Update: I've found out the CURL didn't work, because I set the ETCD_SERVER to the wrong port (2380 instead of 2379). That works now. However, the flanneld service still doesn't start and it returns an error. Job for flanneld.service failed because the control process exited with error code. Here is the outpout of journalctl -xe

-- Subject: Unit flannel-docker-opts.service has failed
-- Defined-By: systemd
-- Support: http://lists.freedesktop.org/mailman/listinfo/systemd-devel
-- 
-- Unit flannel-docker-opts.service has failed.
-- 
-- The result is failed.
Mar 08 08:43:26 kubernetes-4 systemd[1]: flannel-docker-opts.service: Unit entered failed state.
Mar 08 08:43:26 kubernetes-4 systemd[1]: flannel-docker-opts.service: Failed with result 'exit-code'.
Mar 08 08:43:30 kubernetes-4 sudo[27594]:      kub : TTY=pts/2 ; PWD=/home/kub ; USER=root ; COMMAND=/bin/systemctl start flanneld
Mar 08 08:43:30 kubernetes-4 sudo[27594]: pam_unix(sudo:session): session opened for user root by kub(uid=0)
Mar 08 08:43:30 kubernetes-4 sudo[27594]: pam_systemd(sudo:session): Cannot create session: Already running in a session
Mar 08 08:43:36 kubernetes-4 systemd[1]: flanneld.service: Service hold-off time over, scheduling restart.
Mar 08 08:43:36 kubernetes-4 systemd[1]: Stopped flannel - Network fabric for containers (System Application Container).
-- Subject: Unit flanneld.service has finished shutting down
-- Defined-By: systemd
-- Support: http://lists.freedesktop.org/mailman/listinfo/systemd-devel
-- 
-- Unit flanneld.service has finished shutting down.
Mar 08 08:43:36 kubernetes-4 systemd[1]: Starting flannel - Network fabric for containers (System Application Container)...
-- Subject: Unit flanneld.service has begun start-up
-- Defined-By: systemd
-- Support: http://lists.freedesktop.org/mailman/listinfo/systemd-devel
-- 
-- Unit flanneld.service has begun starting up.
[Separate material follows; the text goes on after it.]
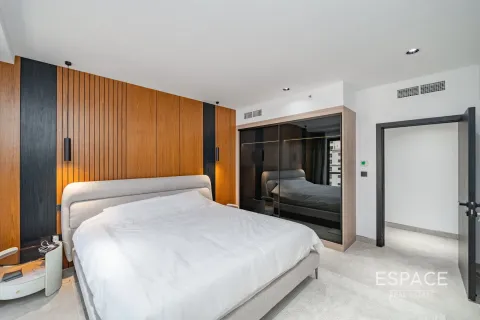 Warehouse in Jumeirah Beach Residence, Dubai 2 bedrooms, 122 sq.m. № 62320 - photo 10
Mar 08 08:43:36 kubernetes-4 rkt[27608]: rm: unable to resolve UUID from file: open /var/lib/coreos/flannel-wrapper.uuid: no such file or directory
Mar 08 08:43:36 kubernetes-4 rkt[27608]: rm: failed to remove one or more pods
Mar 08 08:43:36 kubernetes-4 flannel-wrapper[27625]: + exec /usr/bin/rkt run --uuid-file-save=/var/lib/coreos/flannel-wrapper.uuid --trust-keys-from-https --mount volume=notify,target=/run/systemd/notify 
Mar 08 08:43:36 kubernetes-4 flannel-wrapper[27625]: run: discovery failed
Mar 08 08:43:36 kubernetes-4 systemd[1]: flanneld.service: Main process exited, code=exited, status=254/n/a
Mar 08 08:43:36 kubernetes-4 rkt[27652]: stop: unable to resolve UUID from file: open /var/lib/coreos/flannel-wrapper.uuid: no such file or directory
Mar 08 08:43:36 kubernetes-4 systemd[1]: Failed to start flannel - Network fabric for containers (System Application Container).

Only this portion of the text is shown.